Navarro is hotter than Shamal, his arabian blood comes out occassionally, and if hes a little fresh he can spook at silly things, or pull at the canter. What I love about him though, is his courage. If I point this little horse into the middle of a group of cattle, or down a steep gully he will charge through like a tractor. He is not a heavy horse, and quite fine and elegant looking – but he will take on any challenge as long as his cardinal rule is obeyed. ‘Let me do my job, and dont interfere!’ Shamal is slightly older, and wiser. Less cocky but still very much a dominant horse when out on a ride. You could fire a rifle off his back, and he would stand firm. Not an overly affectionate horse (much like Navarro) he is a horse that commands respect.

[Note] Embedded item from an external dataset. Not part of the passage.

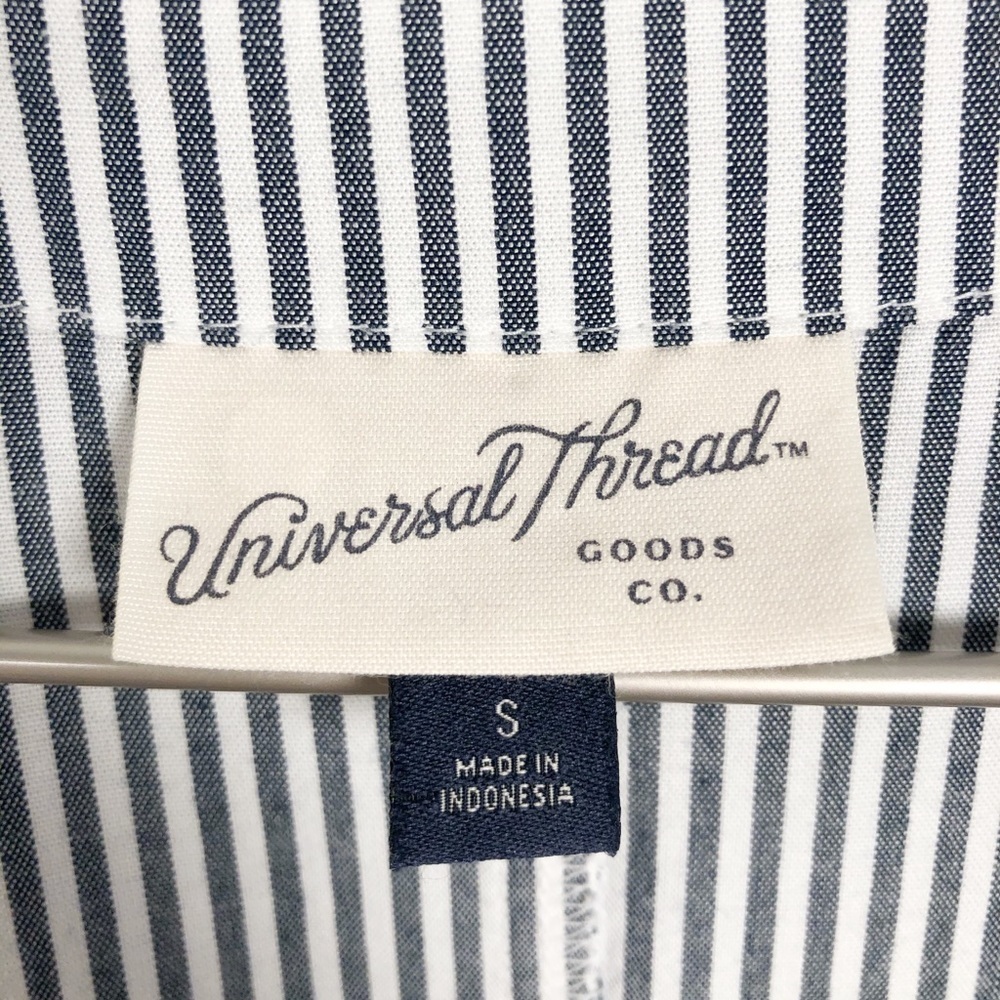 FREE with any one purchase Universal Thread v-neck button down blouse (S) - Picture 10 of 13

Some horses need riding, others need a bit of guidance, and others need only subtle ‘suggesting’.
Navarro and Shamal are two of the latter. Two fairly misunderstood horses, that are really two of the smartest.

Try and take up a strong contact with either, attempt to boss them about, or use too much leg, and the ride will be spent at an irritating jog, with head tossing and pulling. Horse and rider will argue, and both will return sweaty, grumpy and tired.
These two horses know their job too well, and dont need your help. Let them do the thinking (perhaps with only an occasional check not to stride ahead so fast, to choose an alternate trail, or to pick up/drop the pace) and these horses are perfect. In another life, I think these two horses probably were war horses. They work with a professionalism and keeness that sets them apart from the others. Neither will accept riding at the back of the group, but they know that at times they will be expected to change positions briefly, accept other horses riding off, or be the last out when closing a gate. They get that. Thats part of their job.

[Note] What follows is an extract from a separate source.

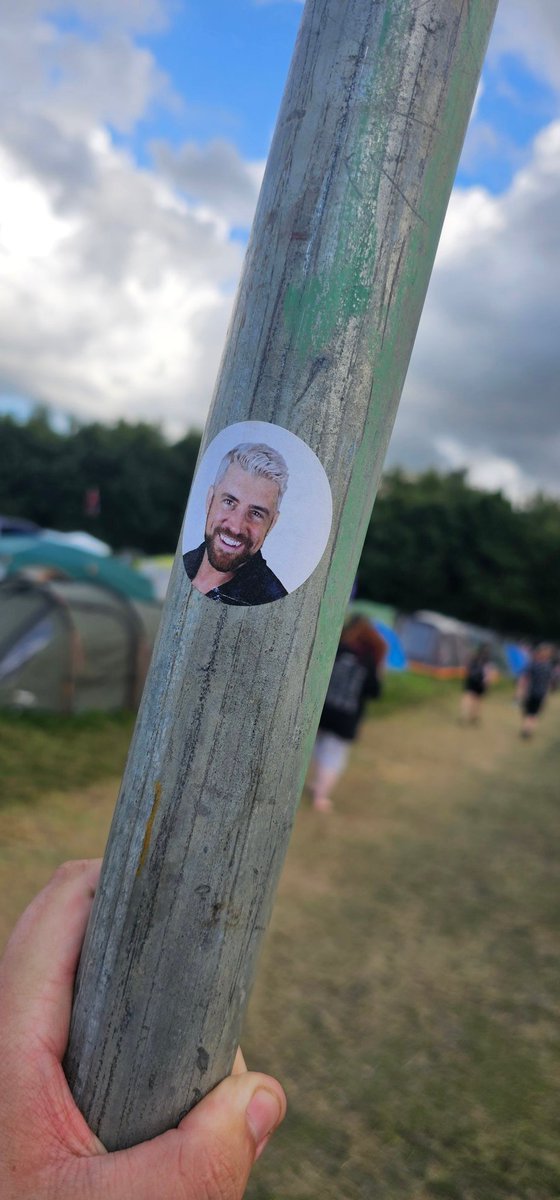 TheScottEffect's tweet photo. Whoever is sticking stickers of @joehendry all over @BLOODSTOCKFEST your amazing. I'm living for it #bloodstock #joehendry https://t.co/y3uXBZ3zjh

Two days ago, riding out with a group, Shamal quite literally saved my life. Cantering along a sand path that has never caused me any concern (an old road lined with trees, that I have ridden weekly for the past two years) Shamal without warning leapt to the side of a small hole in the dirt (on the side of the trail). As he leapt, one back leg touched the right side of the hole which proceeded to completely crumble. He pulled up quickly, allowing me time to alert the others behind to stop. I jumped off, and went to inspect the now very large hole in the middle of the road. It was an underground tunnel, brick lined inside – possibily used during the war, or even beforehand for storage. The roof had weakened and started to cave, and Shamal with his superb animal instict had known that something was amiss. His lightning fast reflexes had quite literally saved both of us, and allerted the others to the danger underfoot. A horse like this, really is worth his weight in gold. As I rode home from that ride, I have never felt more gratitude to an animal in my life.

But how many times have horses saved me in the past without me realising? How often are those aprehensions of their valid?

So the moral of this post. When in doubt. Trust your horse!